Cullen Murphy, author of a recent book on the Inquisitions, Spanish and otherwise, answers 10 questions for the Huffington Post. Number 2 is arresting:
How many people were burned at the stake?
No one really knows. The inquisitors were excellent record-keepers — at times truly superb. One surviving document gives the expenses for an execution down to the price of the rope used to tie the victims’ hands. But a lot of the records have been lost. An estimate that has wide credibility among historians is that about 2 percent of those who came before Inquisition tribunals were burned at the stake, which would mean several tens of thousands of people. The rest suffered lesser punishments.
As is #7
7. When I think “Inquisition,” I think “torture” — is that real or is it a myth?
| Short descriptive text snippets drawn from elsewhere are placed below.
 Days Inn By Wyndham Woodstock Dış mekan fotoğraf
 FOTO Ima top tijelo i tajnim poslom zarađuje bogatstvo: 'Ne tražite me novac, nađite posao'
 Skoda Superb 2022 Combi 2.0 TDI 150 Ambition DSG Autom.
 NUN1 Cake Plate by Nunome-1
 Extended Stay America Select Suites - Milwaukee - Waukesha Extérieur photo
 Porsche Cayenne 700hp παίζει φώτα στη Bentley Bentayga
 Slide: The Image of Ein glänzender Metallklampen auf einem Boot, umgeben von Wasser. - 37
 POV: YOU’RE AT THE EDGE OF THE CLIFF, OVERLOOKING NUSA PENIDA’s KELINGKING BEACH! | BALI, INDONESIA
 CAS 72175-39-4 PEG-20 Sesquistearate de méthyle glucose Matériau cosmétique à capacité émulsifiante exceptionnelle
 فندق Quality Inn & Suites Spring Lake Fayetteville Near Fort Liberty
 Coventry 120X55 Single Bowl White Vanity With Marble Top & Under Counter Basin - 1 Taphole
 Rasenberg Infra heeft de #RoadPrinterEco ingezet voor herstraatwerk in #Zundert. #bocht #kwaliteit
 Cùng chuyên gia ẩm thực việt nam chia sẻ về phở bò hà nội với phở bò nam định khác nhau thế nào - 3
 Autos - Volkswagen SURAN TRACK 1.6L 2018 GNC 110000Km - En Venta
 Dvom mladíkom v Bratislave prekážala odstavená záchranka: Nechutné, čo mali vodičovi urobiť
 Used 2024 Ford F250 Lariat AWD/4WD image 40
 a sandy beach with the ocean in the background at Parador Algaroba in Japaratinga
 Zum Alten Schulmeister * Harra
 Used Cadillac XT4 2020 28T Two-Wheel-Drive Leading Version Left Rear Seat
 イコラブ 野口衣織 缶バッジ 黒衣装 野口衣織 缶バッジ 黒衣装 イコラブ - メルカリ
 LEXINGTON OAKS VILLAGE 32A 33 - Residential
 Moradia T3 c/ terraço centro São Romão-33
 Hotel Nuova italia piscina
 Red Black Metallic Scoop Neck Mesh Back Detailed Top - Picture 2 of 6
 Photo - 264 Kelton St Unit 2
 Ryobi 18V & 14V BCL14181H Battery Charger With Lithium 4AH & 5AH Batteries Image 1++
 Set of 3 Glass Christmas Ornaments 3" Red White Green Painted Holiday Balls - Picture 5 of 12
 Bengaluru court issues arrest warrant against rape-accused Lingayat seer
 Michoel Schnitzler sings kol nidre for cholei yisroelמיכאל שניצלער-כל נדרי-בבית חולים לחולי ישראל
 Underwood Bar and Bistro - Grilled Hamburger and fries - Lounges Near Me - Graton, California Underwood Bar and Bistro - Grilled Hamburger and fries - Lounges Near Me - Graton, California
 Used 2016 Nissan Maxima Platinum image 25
Torture was an integral part of the inquisitorial process, mainly to extract confessions — just as it was part of the systems used by secular courts of the time. Modern historians explain that the Church tried to regulate torture, establishing clear guidelines for its use. Unfortunately, limitations on torture never really work — that’s one lesson from the Inquisition, and from the recent American experience. It’s never hard to justify applying a little more physical coercion once you’ve decided that physical coercion is fine to begin with. Medieval inquisitors, limited to one session of torture per person, sometimes conducted a second or third or fourth, arguing that it was just a “continuance” of the first.